What is an Implied Warranty?

An implied warranty is an unwritten guarantee that a product or service works as expected.

How Does an Implied Warranty Work?

An implied warranty is a lot like an assumption. For example, when you buy a new car from a car dealer, the implied warranty is that the car works. When you order a hamburger at a restaurant, it comes with the implied warranty that it is edible.

The Uniform Commercial Code (UCC) contains an "implied warranty of merchantability" that states that in every sales transaction, the good sold must be fit for the ordinary purposes for which the good is used, would pass without objection in the trade, is adequately packaged and labeled, and reflects the promises made on the label. Sometimes an implied warranty also exists when the seller knows what the buyer is going to use the good for and the buyer relies on the seller's judgment when choosing the goods. If the buyer is a knowledgeable buyer, however, the implied warranty doesn't always exist, especially if the buyer knows as much or more about the product than the seller does.

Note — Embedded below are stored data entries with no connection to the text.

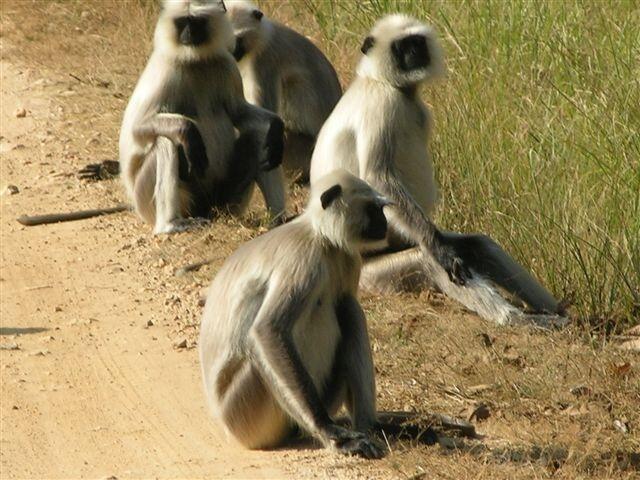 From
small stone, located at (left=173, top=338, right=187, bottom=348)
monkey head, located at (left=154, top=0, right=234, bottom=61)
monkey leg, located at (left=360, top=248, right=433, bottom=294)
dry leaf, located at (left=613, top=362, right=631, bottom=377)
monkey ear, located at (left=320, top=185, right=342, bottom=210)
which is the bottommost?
monkey leg, located at (left=360, top=248, right=433, bottom=294)

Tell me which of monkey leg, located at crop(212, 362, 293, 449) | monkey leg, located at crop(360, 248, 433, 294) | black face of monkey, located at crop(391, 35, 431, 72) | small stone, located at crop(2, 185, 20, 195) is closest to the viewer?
monkey leg, located at crop(212, 362, 293, 449)

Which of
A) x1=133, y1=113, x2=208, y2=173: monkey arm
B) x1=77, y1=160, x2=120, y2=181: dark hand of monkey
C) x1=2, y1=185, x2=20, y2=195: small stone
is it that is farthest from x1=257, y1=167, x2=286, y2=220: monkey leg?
x1=2, y1=185, x2=20, y2=195: small stone

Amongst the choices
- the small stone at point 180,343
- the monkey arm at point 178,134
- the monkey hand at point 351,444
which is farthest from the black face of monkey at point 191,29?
the monkey hand at point 351,444

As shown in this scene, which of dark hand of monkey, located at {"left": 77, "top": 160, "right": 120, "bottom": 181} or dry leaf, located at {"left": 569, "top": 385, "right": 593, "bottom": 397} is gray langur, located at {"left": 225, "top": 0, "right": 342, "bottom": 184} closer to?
dark hand of monkey, located at {"left": 77, "top": 160, "right": 120, "bottom": 181}

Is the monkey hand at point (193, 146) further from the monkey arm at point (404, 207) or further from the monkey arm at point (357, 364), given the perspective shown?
the monkey arm at point (357, 364)

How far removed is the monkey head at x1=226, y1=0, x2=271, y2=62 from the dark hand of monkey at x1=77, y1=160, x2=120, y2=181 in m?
1.30

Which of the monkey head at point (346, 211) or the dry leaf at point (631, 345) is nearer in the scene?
the monkey head at point (346, 211)

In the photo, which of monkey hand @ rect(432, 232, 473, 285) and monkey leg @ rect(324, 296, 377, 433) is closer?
monkey leg @ rect(324, 296, 377, 433)

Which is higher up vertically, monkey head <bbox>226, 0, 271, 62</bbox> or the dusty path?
monkey head <bbox>226, 0, 271, 62</bbox>

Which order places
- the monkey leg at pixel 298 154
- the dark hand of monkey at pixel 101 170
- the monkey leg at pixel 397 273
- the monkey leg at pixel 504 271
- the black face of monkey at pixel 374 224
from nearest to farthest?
the black face of monkey at pixel 374 224 < the monkey leg at pixel 504 271 < the monkey leg at pixel 397 273 < the dark hand of monkey at pixel 101 170 < the monkey leg at pixel 298 154

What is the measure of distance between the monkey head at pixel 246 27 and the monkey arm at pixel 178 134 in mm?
1616

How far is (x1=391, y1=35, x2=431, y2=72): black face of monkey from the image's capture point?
776cm

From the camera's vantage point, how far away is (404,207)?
24.8ft

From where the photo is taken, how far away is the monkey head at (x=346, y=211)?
541cm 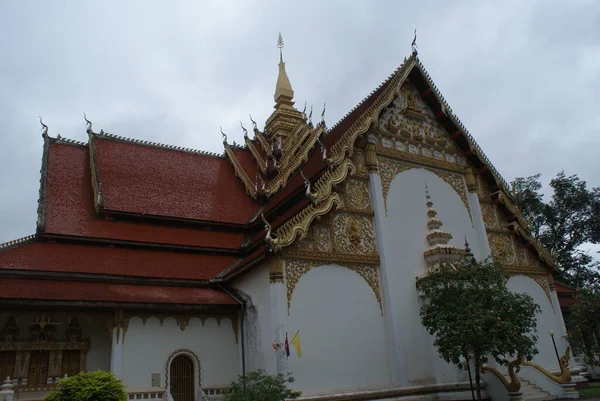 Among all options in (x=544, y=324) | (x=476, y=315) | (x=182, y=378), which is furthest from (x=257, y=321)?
(x=544, y=324)

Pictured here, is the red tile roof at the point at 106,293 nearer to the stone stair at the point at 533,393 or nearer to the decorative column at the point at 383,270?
the decorative column at the point at 383,270

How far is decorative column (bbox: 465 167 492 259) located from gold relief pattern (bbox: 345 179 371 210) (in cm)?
401

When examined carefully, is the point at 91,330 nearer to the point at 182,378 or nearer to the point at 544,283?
the point at 182,378

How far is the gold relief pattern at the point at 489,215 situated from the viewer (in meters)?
15.2

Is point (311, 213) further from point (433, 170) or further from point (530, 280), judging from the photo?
point (530, 280)

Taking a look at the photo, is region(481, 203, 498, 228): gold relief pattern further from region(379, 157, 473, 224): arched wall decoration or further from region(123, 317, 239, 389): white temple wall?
region(123, 317, 239, 389): white temple wall

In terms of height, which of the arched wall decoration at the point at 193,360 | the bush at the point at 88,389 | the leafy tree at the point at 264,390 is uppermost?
the arched wall decoration at the point at 193,360

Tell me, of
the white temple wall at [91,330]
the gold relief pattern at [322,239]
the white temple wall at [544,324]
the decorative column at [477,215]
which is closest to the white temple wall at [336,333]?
the gold relief pattern at [322,239]

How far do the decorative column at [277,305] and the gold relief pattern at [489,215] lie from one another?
743 centimetres

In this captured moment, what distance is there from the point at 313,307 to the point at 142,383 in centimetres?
387

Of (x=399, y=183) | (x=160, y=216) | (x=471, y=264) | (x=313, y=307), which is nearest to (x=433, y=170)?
(x=399, y=183)

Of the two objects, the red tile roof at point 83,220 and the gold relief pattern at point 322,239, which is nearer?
the gold relief pattern at point 322,239

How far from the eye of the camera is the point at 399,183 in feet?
45.1

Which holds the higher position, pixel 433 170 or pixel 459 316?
pixel 433 170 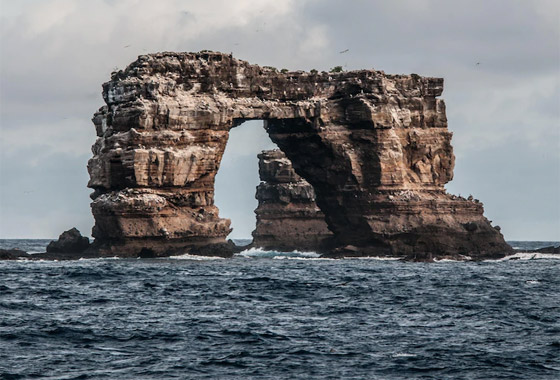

Why Does an Implied Warranty Matter?

Implied warranties protect consumers from purchases involving products or services that are not what was represented by the seller. They are often the legal mechanism behind why consumers can usually return defective products to merchants for a refund. Sometimes, sellers will disclaim an implied warranty at the time of sale (though they have to do this in writing and usually in boldface print).